I found a strange problem in msysGit, I am wondering if it's a bug. I already discussed it here: https://groups.google.com/forum/#!topic/msysgit/6XLoSPH26kc You can download my Demo.zip attachment there. It seems not to happen in Git for Linux or OS-X. The problem occurs in msysGit 1.9.0 and 1.9.5 (running x86 version on a Windows 7 x64 system).

Essentially, the problem seems that Git for Windows assumes that two files are the same when both the timestamp and the file size match. Obviously the file contents is not inspected nor the hash recalculated.

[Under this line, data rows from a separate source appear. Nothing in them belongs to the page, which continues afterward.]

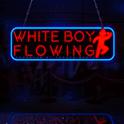 White Boy Flowing专辑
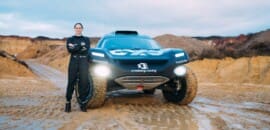 Equipe Rosberg Xtreme anuncia contratação de Molly Taylor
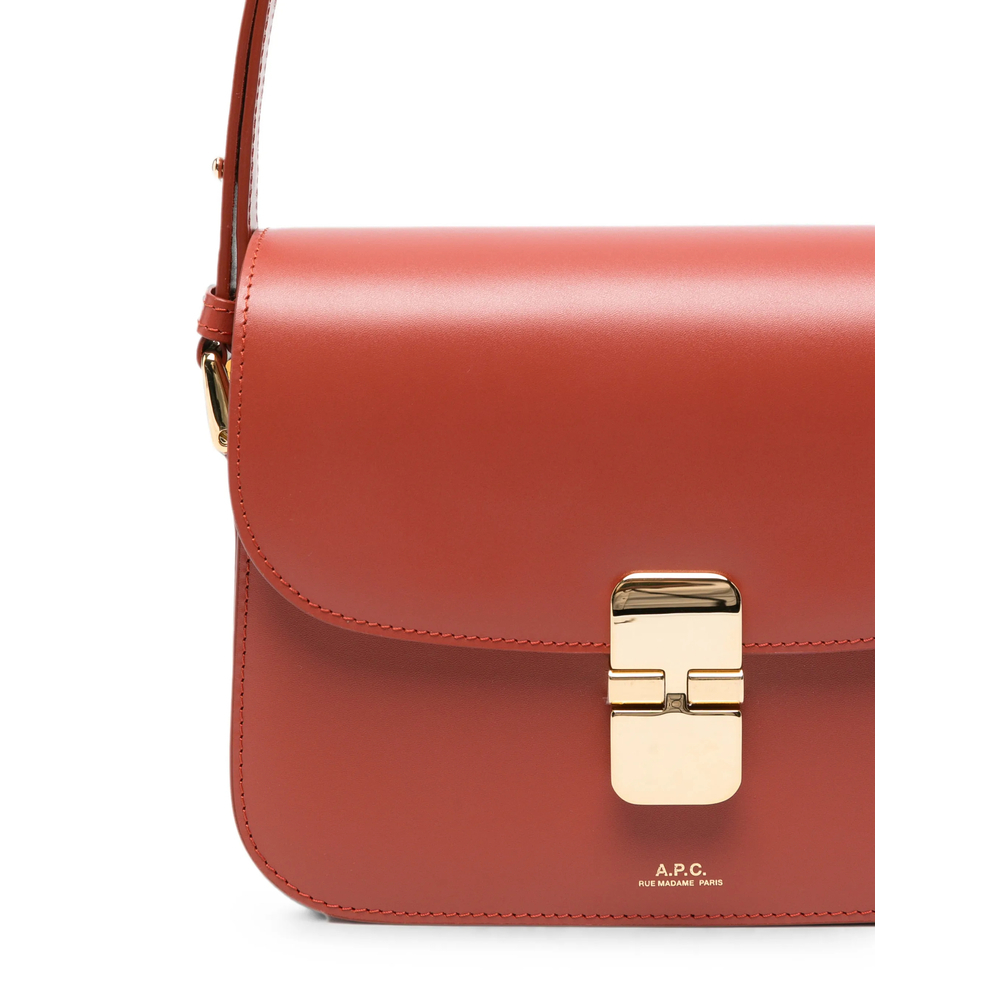[A.P.C.] Shoulder bag FW26 PXBMW F61413 GAM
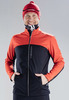 Утеплённый лыжный костюм Nordski Active Base Red-Black 2020 мужской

As mentioned I created a minimal demo package to easily prove the issue. Simply download the zip file, put it in a clean directory and run the enclosed script from bash. Below is a transcript of what happens when I run the script in my situation.

The issue is a real show-stopper in my automated migration from Visual SourceSafe to Git (in a test transferring 20,000 source files the problem caused loss of roughly 0.1% of the files from the history), so I hope for a quick solution.

Welcome to Git (version 1.9.5-preview20141217)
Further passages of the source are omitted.